Um die „Einheit des Glaubens und in der Erkenntnis des Sohnes Gottes“ zu erreichen,
gibt es die gemeinsame Berufung aller „einen Leib und einen Geist zu formen, so wie
die Hoffnung eine ist, zu der wir gerufen sind“. (Eph 4,11.13.14). Mit dieser Sichtweise
lässt sich mein heutiger Besuch hier betrachten. Er hat das Ziel euch darin zu ermutigen,
eure diözesane Gemeinschaft stets auf Christus „zu bauen, zu gründen und wieder aufzubauen“.
Wie?
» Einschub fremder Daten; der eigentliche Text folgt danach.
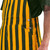 Detail shot of the side button closures and waist pockets on green and gold striped Game Bibs overalls.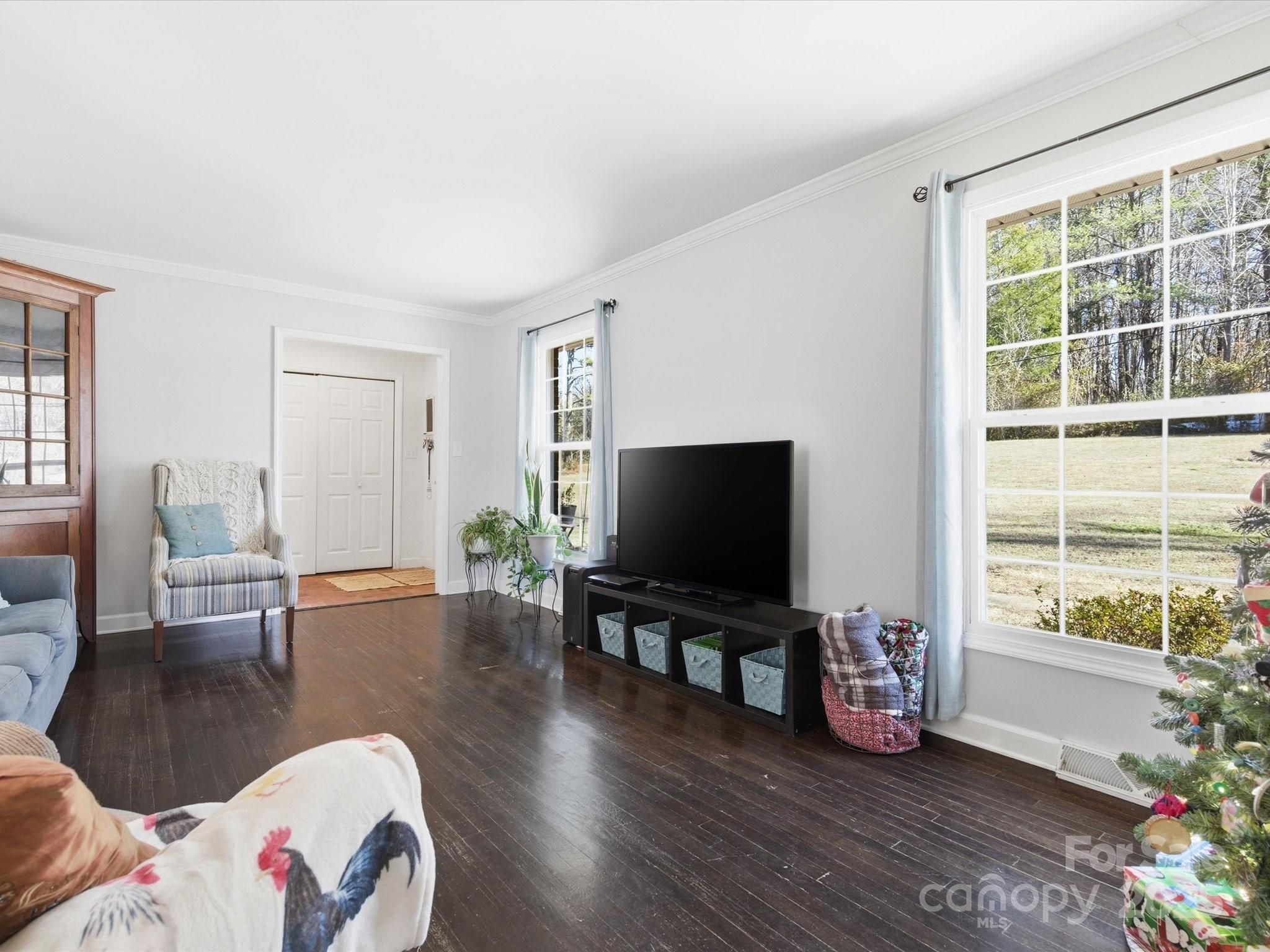9941 Ferguson Road Charlotte, NC 28227 - Photo 12 of 29 a living room with furniture and a flat screen tv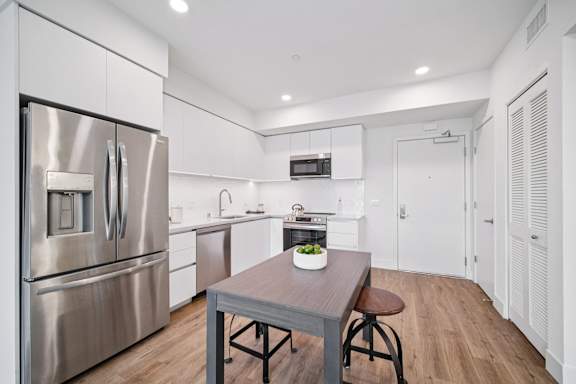 A modern kitchen with a stainless steel refrigerator and a wooden table with a bowl of fruit on it.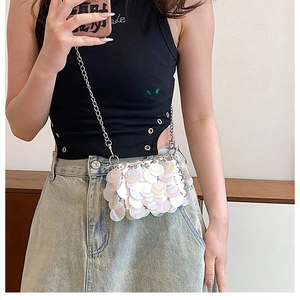 Mirror selfie showing a white sequin chain crossbody bag with a black cutout top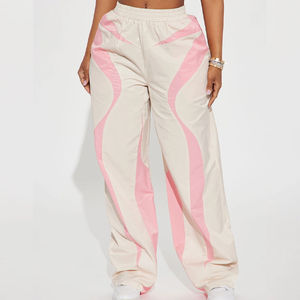 Pantalones de chándal holgados blancos de poliéster con cordón y logotipo personalizado para mujer, cortavientos de nailon, pantalones tipo paracaídas personalizados - Product Image 1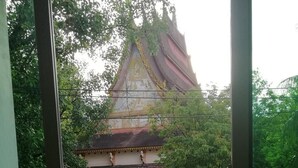 A balcony with a view of a temple, a table, and chairs. - AO Apartment (Vientiane)
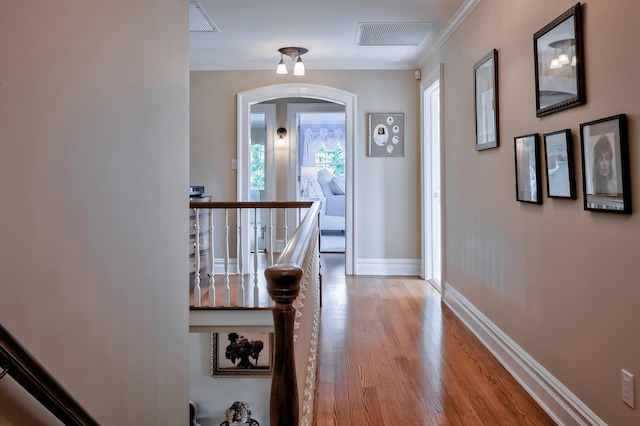 hallway featuring crown molding, light wood-style flooring, an upstairs landing, visible vents, and baseboards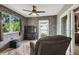 Relaxing sunroom with a comfortable chair and TV at 8446 Braganza St, Spring Hill, FL 34608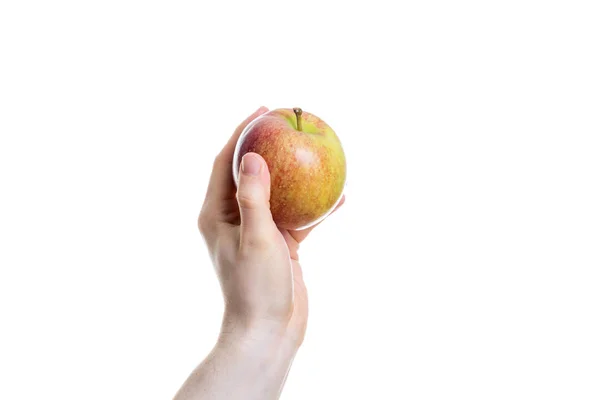 Segurando uma maçã na mão no fundo branco — Fotografia de Stock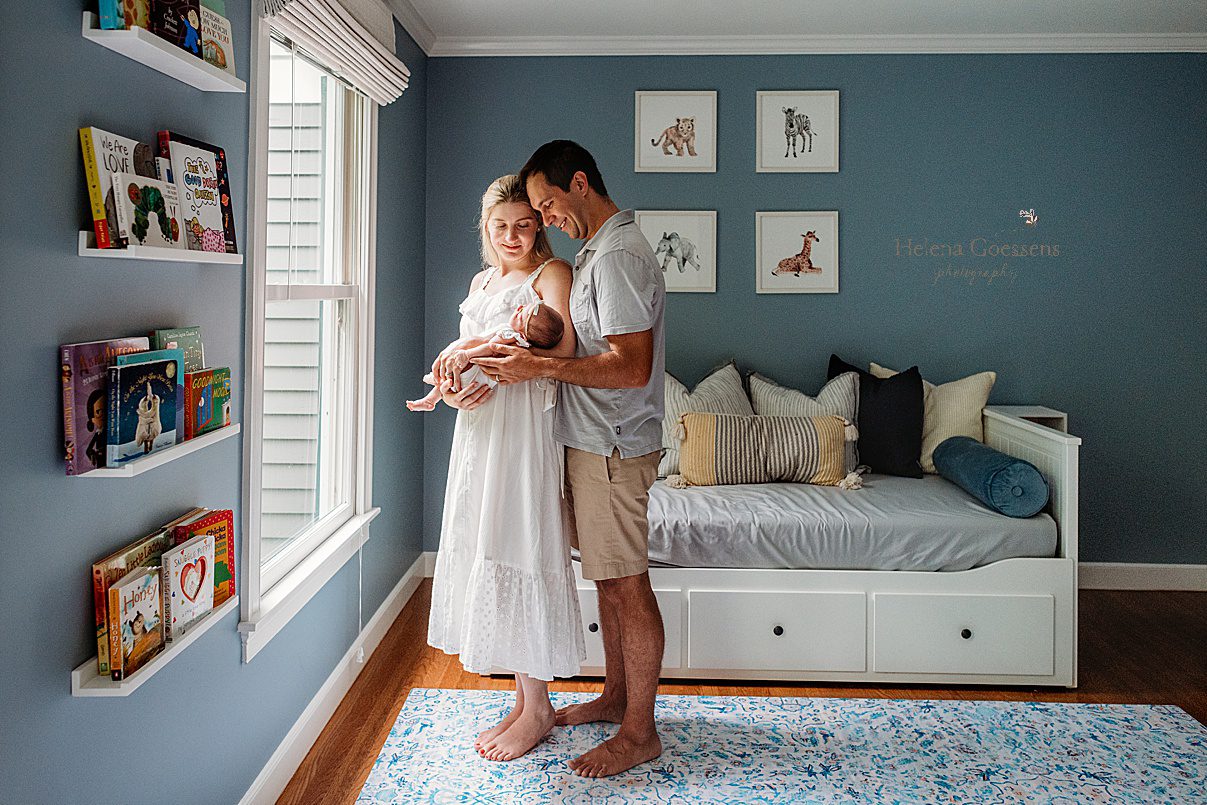 parents hug daughter standing by window in nursery during lifestyle newborn photos in Westwood MA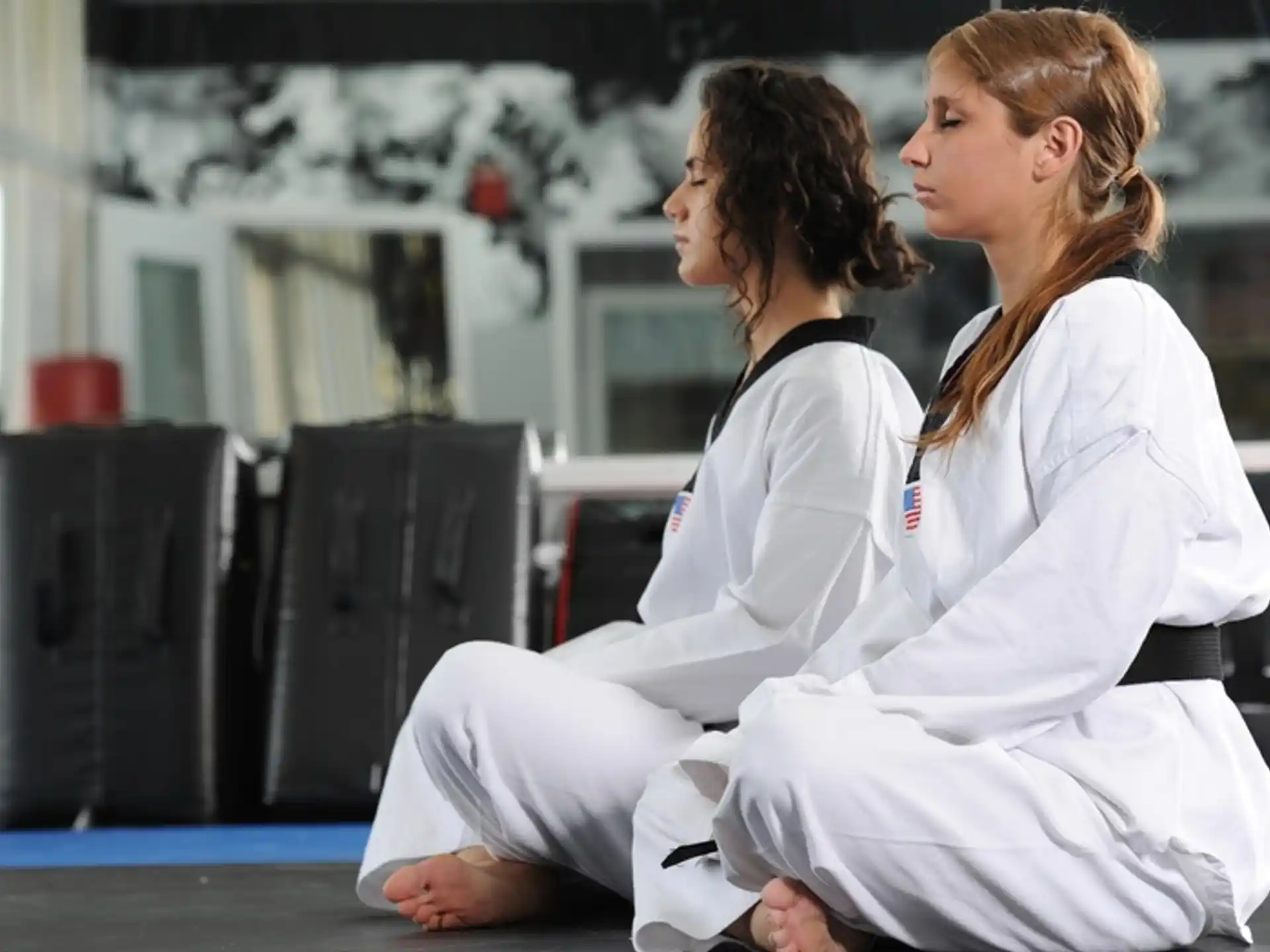a couple of women in karate uniforms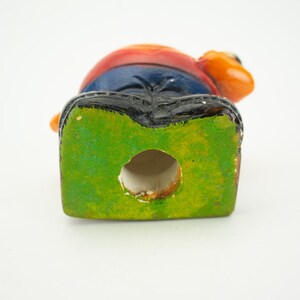 May include: A ceramic figurine of a person with a red, orange, and blue shirt, blue jeans, and black shoes. The figurine has a green base with a hole in the center.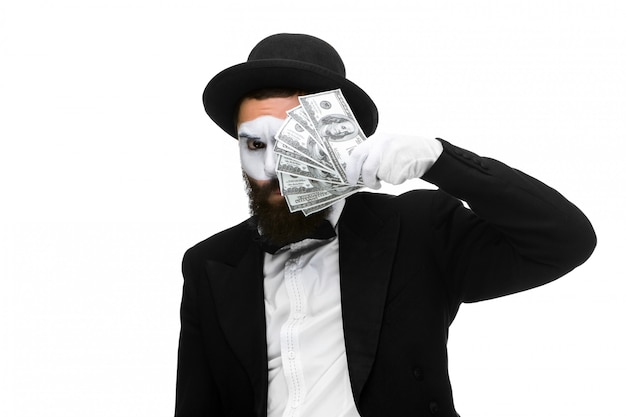 Mime as businessman holding money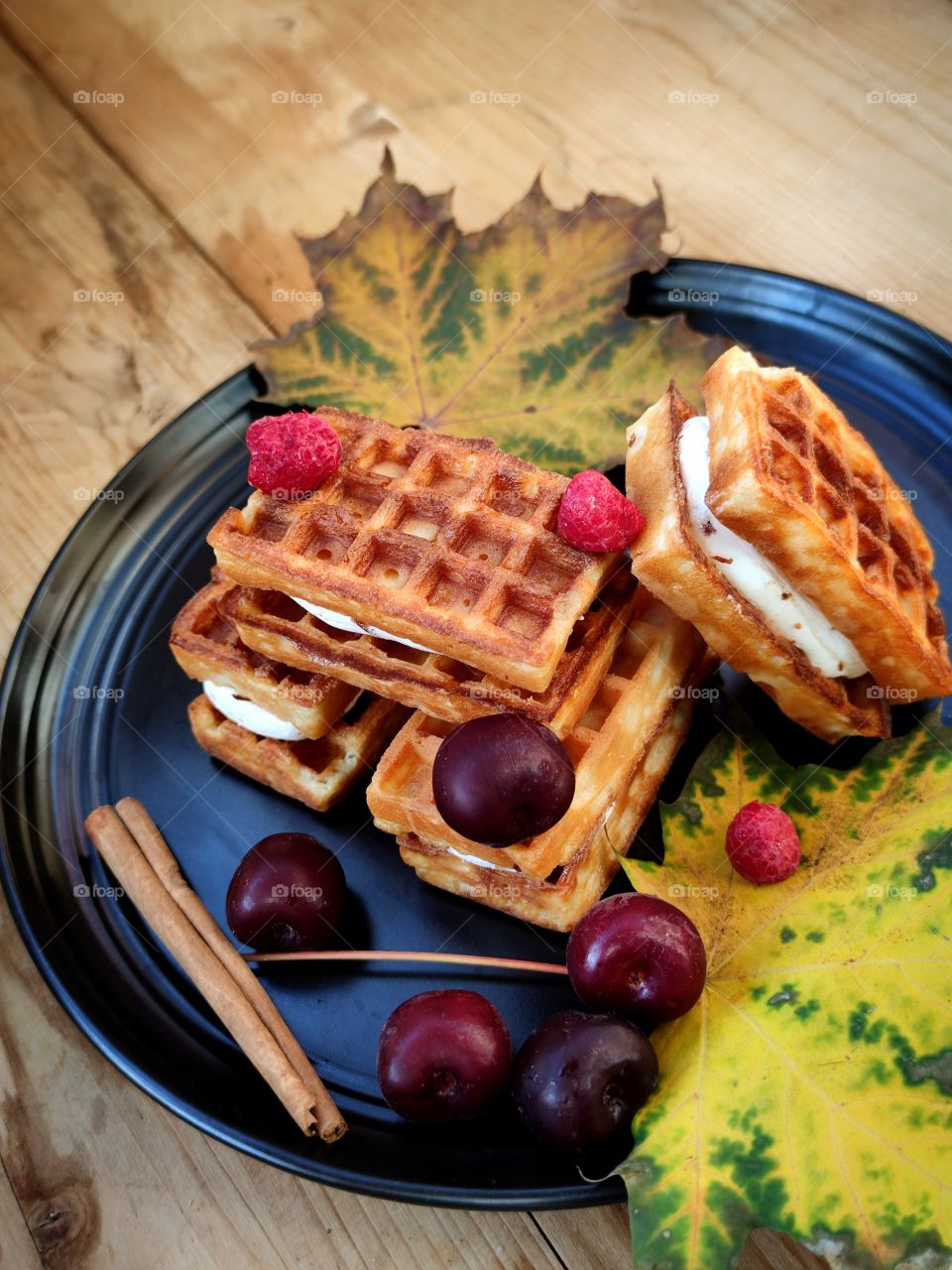 Composition. On a wooden background. A black plate containing Belgian waffles stuffed with whipped cream. Red cherries, cinnamon sticks, raspberries and dried autumn leaves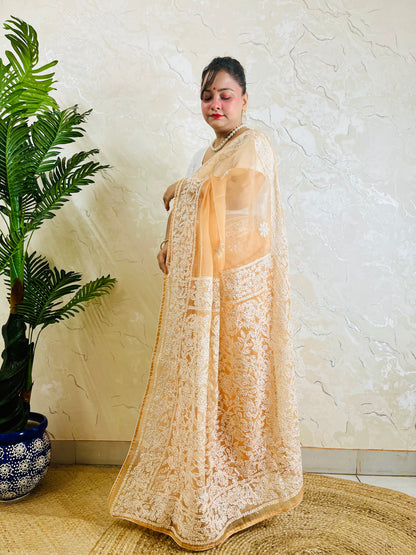Pastel peach orange Chikankari handstitched organza silk saree with full white jaal and floral embroidery — side standing view, Desi Aadat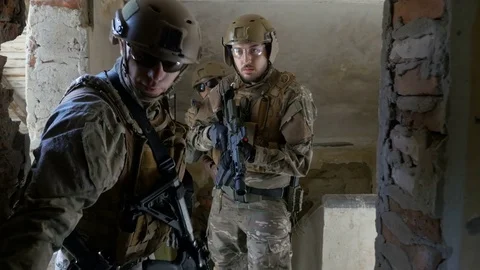 Soldiers team wearing shotguns listening orders from commander before the ope Stock Footage
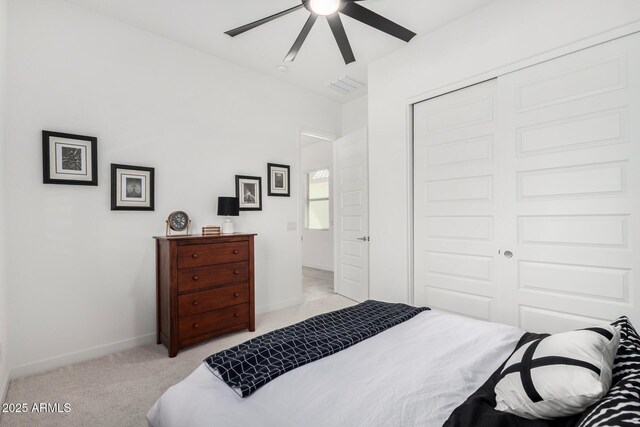 3089 N 200th Ave, Buckeye, AZ 85396 - bedroom featuring light carpet, a closet, ceiling fan, and baseboards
Das zeigt uns der Heilige Benedikt selbst, der in seiner Regel daran erinnert,
Christus nichts vorzuziehen: „Christo nihil omnino praeponere“ (LXXII,11). Ich
danke Gott für das Gute, das eure Gemeinschaft unter der Leitung eures Hirten, Abt
Dom Pietro Vittorielli, vollbringt; ihn grüße ich herzlich und danke ihm für die herzlichen
Worte, die er im Namen aller an mich gerichtet hat. Mit ihm grüße ich die klösterliche
Gemeinschaft, die anwesenden Bischöfe, Priester sowie die Ordensmänner und –frauen.
Ich grüße die zivilen und militärischen Autoritäten – an erster Stelle den Bürgermeister,
dem ich dankbar bin für seinen Willkommensgruß hier auf der Piazza Miranda, dem Platz,
der ab heute meinen Namen tragen wird. Ich grüße die Katecheten, die pastoralen Mitarbeiter,
die Jugendlichen und alle, die auf vielfältige Weise sich der Verbreitung des Evangeliums
in dieser geschichtsträchtigen Gegend annehmen, in dieser Region, die während des
Zweiten Weltkriegs Momente großen Leids erlebt hat. Die vielen Friedhöfe, die eure
Stadt umgeben, sind davon stille Zeugen; ich nenne besonders den polnischen, den deutschen
und den des Commonwealth. Mein Gruß gilt schließlich allen Bewohnern Cassinos und
der umliegenden Ortschaften: Jedem, vor allem den Kranken und Leidenden, versichere
ich meine Anteilnahme und mein Gebet. Liebe Schwestern und Brüder, in dieser Feier
hören wir den Widerhall der Mahnung Benedikts, das Herz ganz auf Christus auszurichten,
ihm nichts vorzuziehen. Das lenkt uns andererseits aber nicht davon ab, drängt uns
im Gegenteil dazu, uns noch mehr für den Aufbau einer Gesellschaft einzusetzen, in
der Solidarität sich durch konkrete Gesten ausdrückt. Aber wie? Die benediktinische
Spiritualität, euch gut bekannt, schlägt ein evangelisches Programm vor, das in folgendem
Motto zusammengefasst ist: ora et labora et lege; das Gebet, die Arbeit, die Bildung.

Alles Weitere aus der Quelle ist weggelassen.